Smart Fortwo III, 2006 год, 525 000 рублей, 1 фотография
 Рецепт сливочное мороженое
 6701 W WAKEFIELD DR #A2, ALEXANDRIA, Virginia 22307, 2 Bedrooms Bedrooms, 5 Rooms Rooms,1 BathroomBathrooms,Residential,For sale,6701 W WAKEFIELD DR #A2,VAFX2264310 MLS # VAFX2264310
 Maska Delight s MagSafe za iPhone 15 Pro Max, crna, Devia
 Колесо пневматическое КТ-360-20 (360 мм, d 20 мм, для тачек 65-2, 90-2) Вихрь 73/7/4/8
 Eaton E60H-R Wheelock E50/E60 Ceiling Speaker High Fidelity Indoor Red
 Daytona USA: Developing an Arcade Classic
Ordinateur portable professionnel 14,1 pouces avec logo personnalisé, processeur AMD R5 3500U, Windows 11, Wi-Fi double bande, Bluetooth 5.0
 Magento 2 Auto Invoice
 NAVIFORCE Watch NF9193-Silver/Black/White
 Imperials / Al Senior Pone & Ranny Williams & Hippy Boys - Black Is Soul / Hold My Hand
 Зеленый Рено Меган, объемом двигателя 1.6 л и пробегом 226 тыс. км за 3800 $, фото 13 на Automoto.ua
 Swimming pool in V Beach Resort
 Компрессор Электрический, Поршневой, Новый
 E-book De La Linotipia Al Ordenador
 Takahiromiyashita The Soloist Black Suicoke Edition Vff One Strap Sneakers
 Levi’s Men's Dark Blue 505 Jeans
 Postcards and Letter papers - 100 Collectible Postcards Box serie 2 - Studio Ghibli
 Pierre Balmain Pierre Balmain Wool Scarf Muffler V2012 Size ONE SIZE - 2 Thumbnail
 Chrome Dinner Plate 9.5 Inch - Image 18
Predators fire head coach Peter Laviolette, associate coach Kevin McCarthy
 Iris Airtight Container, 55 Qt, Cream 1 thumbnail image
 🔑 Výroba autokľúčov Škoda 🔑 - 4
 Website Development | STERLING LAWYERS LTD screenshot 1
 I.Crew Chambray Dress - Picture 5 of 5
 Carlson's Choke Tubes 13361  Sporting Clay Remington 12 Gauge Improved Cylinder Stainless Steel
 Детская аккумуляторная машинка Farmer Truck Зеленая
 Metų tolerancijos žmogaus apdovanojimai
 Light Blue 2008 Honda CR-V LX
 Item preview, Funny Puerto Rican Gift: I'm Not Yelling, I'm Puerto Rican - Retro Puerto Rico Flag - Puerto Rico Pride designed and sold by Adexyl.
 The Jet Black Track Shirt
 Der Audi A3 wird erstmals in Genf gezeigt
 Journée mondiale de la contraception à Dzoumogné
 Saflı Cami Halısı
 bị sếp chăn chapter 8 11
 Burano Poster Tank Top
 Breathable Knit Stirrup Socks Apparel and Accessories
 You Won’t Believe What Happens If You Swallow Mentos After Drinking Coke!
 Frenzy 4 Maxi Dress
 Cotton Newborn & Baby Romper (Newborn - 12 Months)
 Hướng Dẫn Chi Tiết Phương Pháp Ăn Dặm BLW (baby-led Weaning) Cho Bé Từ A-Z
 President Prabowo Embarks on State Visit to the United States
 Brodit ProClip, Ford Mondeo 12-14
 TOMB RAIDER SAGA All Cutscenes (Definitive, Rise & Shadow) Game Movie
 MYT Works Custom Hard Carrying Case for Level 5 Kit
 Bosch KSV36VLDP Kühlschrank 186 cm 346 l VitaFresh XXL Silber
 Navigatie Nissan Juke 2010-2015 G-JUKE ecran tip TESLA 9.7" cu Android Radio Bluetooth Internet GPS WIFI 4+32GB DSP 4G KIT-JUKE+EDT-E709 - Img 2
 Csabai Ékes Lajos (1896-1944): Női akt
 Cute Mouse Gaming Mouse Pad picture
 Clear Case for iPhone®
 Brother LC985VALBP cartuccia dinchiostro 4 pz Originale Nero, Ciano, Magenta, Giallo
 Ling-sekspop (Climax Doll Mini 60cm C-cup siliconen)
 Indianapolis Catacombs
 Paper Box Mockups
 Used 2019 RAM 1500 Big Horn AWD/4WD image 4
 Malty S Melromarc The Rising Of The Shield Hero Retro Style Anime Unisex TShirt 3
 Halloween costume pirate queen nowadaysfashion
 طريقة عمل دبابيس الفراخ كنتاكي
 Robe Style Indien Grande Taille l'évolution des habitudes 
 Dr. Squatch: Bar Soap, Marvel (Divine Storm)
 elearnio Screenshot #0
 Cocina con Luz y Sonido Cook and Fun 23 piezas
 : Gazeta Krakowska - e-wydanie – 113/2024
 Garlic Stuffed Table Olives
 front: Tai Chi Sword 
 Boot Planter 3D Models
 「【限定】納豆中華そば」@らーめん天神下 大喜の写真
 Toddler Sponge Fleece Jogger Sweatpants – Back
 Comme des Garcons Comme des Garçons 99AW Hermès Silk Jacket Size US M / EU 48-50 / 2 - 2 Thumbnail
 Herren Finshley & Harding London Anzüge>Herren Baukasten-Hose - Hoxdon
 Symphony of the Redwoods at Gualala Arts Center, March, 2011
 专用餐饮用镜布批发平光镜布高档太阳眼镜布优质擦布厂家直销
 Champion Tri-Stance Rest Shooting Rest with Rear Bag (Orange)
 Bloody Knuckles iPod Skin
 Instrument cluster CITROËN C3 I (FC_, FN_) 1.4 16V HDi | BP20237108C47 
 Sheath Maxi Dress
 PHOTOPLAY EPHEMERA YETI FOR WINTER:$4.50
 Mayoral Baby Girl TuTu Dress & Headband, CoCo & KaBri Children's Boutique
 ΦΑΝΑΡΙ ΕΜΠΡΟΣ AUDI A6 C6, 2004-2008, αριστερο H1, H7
= = = = = = =
Only the lines above starting at the one containing "Metų tolerancijos žmogaus apdovanojimai" and ending at the one containing "TOMB RAIDER SAGA", both included, are to be returned, exactly as they read.

 Metų tolerancijos žmogaus apdovanojimai
 Light Blue 2008 Honda CR-V LX
 Item preview, Funny Puerto Rican Gift: I'm Not Yelling, I'm Puerto Rican - Retro Puerto Rico Flag - Puerto Rico Pride designed and sold by Adexyl.
 The Jet Black Track Shirt
 Der Audi A3 wird erstmals in Genf gezeigt
 Journée mondiale de la contraception à Dzoumogné
 Saflı Cami Halısı
 bị sếp chăn chapter 8 11
 Burano Poster Tank Top
 Breathable Knit Stirrup Socks Apparel and Accessories
 You Won’t Believe What Happens If You Swallow Mentos After Drinking Coke!
 Frenzy 4 Maxi Dress
 Cotton Newborn & Baby Romper (Newborn - 12 Months)
 Hướng Dẫn Chi Tiết Phương Pháp Ăn Dặm BLW (baby-led Weaning) Cho Bé Từ A-Z
 President Prabowo Embarks on State Visit to the United States
 Brodit ProClip, Ford Mondeo 12-14
 TOMB RAIDER SAGA All Cutscenes (Definitive, Rise & Shadow) Game Movie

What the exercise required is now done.